More than 50,000 Facebook users signed a petition calling on the company to alter or abandon its Beacon advertising technology, said a BBC report.
When Facebook users shopped online, Beacon told friends and businesses what they looked at or bought.
Many considered the data sharing to be an intrusion that exposed them to more scrutiny than was comfortable.
In response to the demands, Facebook's 55 million members will have more control over whether data about what they do online is used for Beacon.
Before the changes, Beacon was an "opt out" system and many complained that they missed the chance to avoid using it when it was introduced in early November.
Now Beacon will be an "opt in" system that only tracks data if explicit permission is granted to Facebook to do so.
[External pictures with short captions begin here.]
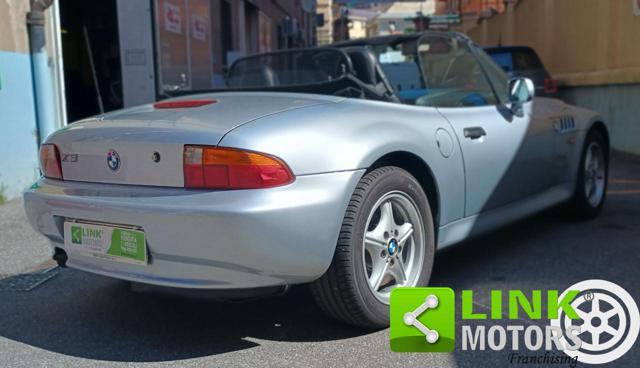 BMW Z3 1.9 16V cat Roadster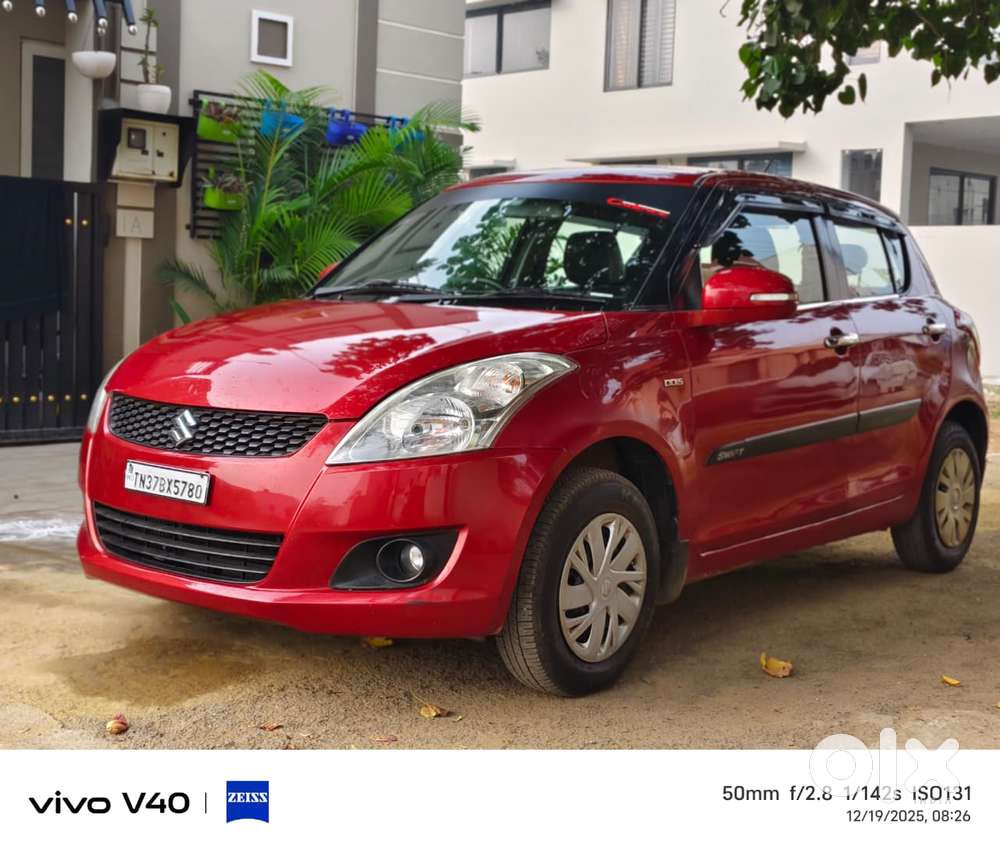 Maruti Suzuki Swift 2011-2014 Vdi, 2012, Diesel
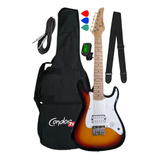 Guitarra Condor Infantil Capa
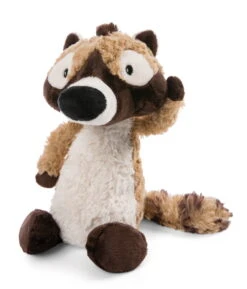 Nici 47958 Nasenbär Coaty 15cm Sitzend Plüsch Wild Friends GREEN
More than 40 websites, including Fandango.com, Overstock.com and Blockbuster, signed up to use Beacon software on their webpages and report what Facebook users did when they visited.
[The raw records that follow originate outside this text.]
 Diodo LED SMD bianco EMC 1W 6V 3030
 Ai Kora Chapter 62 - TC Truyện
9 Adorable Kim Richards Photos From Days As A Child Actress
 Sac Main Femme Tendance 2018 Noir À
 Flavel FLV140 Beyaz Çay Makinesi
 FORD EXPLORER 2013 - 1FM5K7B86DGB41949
Activist site MoveOn was at the forefront of protests against Beacon and set up the petition to gather signatures on 20 November.
"It also says a lot about the ability of internet users to band together to make a difference," said Adam Green, a spokesman for MoveOn, in the report.
Facebook apologised for its actions via a letter on its website.
"We're sorry if we spoiled some of your holiday gift-giving plans," read the letter. "We are really trying to provide you with new meaningful ways, like Beacon, to help you connect and share information with your friends."
Industry commentator Om Malik said Facebook users had to be certain to opt out completely from Beacon otherwise Facebook would still collect data from partner sites - even if that data was not shared more widely.
The changes to Beacon may not be the last that Facebook has to make to the technology.
Two rights groups, the Electronic Privacy Information Center and the Center for Digital Democracy, are believed to be compiling a complaint to the US Federal Trade Commission about it.